La mosaïque éclatée
« Pas la peine d’être un expert pour voir que ce qui se passe en Syrie est un complot », tranche Moulay1, accoudé aux fourneaux de son snack. « Ils sont cent soixante-trois pays ligués contre le gouvernement syrien, qui leur tient tête, et j’en suis fier. » L’homme, d’origine alaouite, interrompt la minutieuse découpe d’un morceau de poulet. « Les Occidentaux rejouent avec Bachar ce qu’ils ont fait avec Saddam. Et qu’on ne vienne pas nous parler des “printemps arabes” : c’est le printemps des Européens. Depuis quand les gens se soulèvent comme ça ? C’est trop rapide et la mise en scène est mauvaise. Les Occidentaux ne parlent des Droits de l’homme que lorsque ça leur convient. » Il essuie ses mains avant de préciser : « Je ne suis pas pour Bachar, je suis pour le peuple. »
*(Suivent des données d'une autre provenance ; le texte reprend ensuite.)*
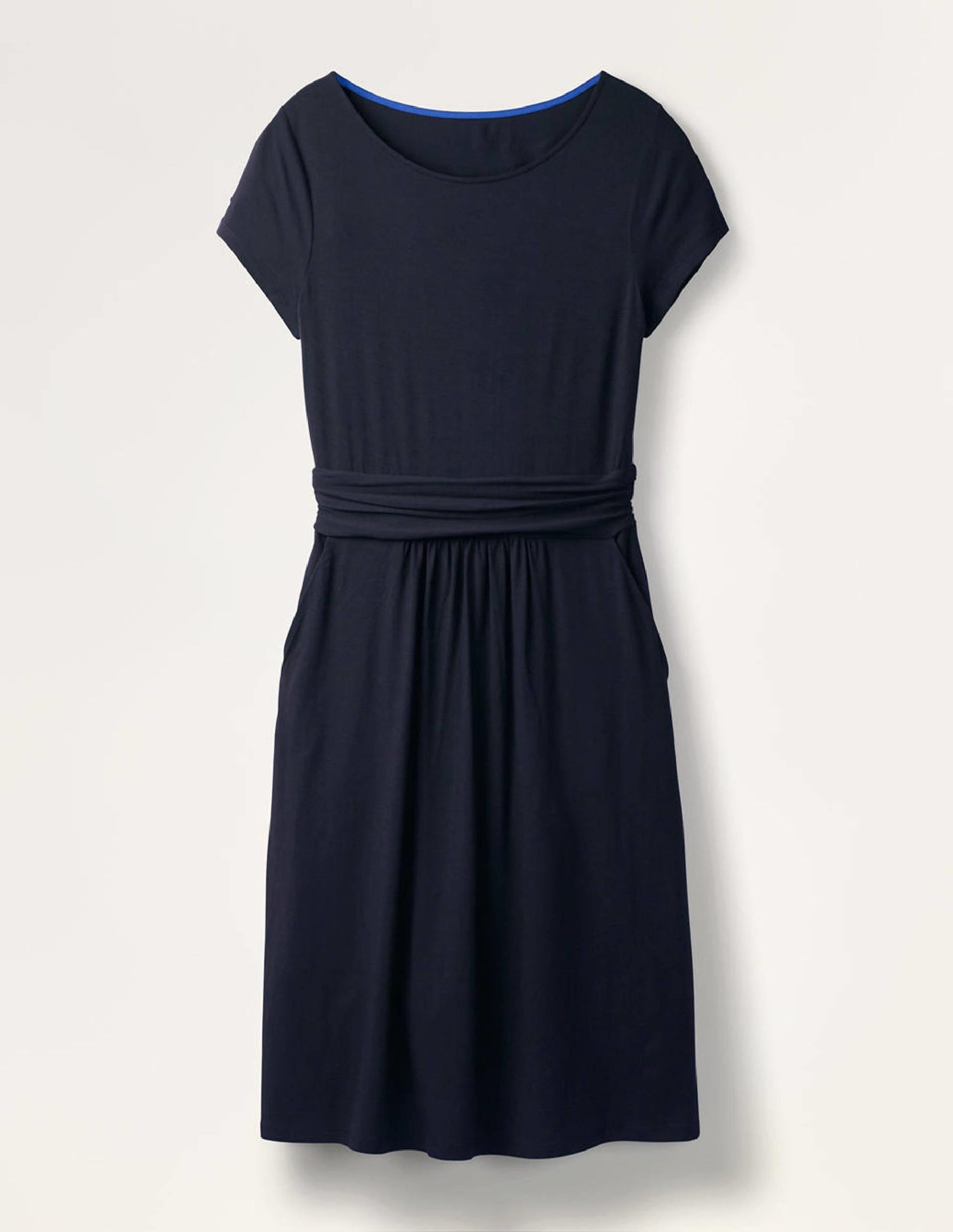Amelie Jersey Dress-Navy-6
D’origine sunnite, Ahmad, penché sur sa machine à coudre, convoque l’Histoire : « Il ne faut pas oublier que depuis l’indépendance, en 1946, il ne s’est pas passé trois ans sans qu’il n’y ait des guerres ou des problèmes dans le pays : coups d’État militaires à répétition, conflit avec Israël, et aussi au Liban, en Irak… La Syrie a été pendant très longtemps un pays instable. L’alaouite Hafez-el-Assad, qui a pris le pouvoir en 1970, a tout fait pour amener la stabilité. Face à cette menace politique et religieuse, comme ce qui s’est passé à Hama2 en 1982, la dictature de Hafez-el-Assad s’est encore renforcée. » Ahmad prépare un café. « Au milieu des années 1990, les efforts de l’État pour développer l’indépendance a fait du pays le Hong-Kong du Moyen-Orient, avec ses productions de médicaments, de vêtements et de produits finis. On a construit des routes, des hôpitaux, des écoles et les gens avaient accès la Sécurité sociale. C’est aussi à cette époque que se sont développées des chaînes satellitaires financées par le Qatar et l’Arabie Saoudite, ainsi que d’autres ouvertement islamistes et qui toutes ne cessaient de parler des dictatures et des guerres dans les pays arabes. » L’arrivée de Bachar-el-Assad a-t-elle changé le régime ? « En 2006, Bachar a décidé d’ouvrir le pays. Aux frontières, les paysans avaient accumulé d’importantes fortunes par la contrebande. Avec l’ouverture du pays, tout s’écroulaiy pour eux et leurs complices douaniers et militaires. Ce n’est donc pas un hasard si aujourd’hui, les principales zones de combat se trouvent dans ces régions… » Encore un mot avant de se séparer : « Il y avait bien sûr des choses qui n’allaient pas. De là à faire une révolution qui va tout déconstruire… Le remède est pire que le mal. Je ne veux pas d’un État islamique ou d’un pays divisé. »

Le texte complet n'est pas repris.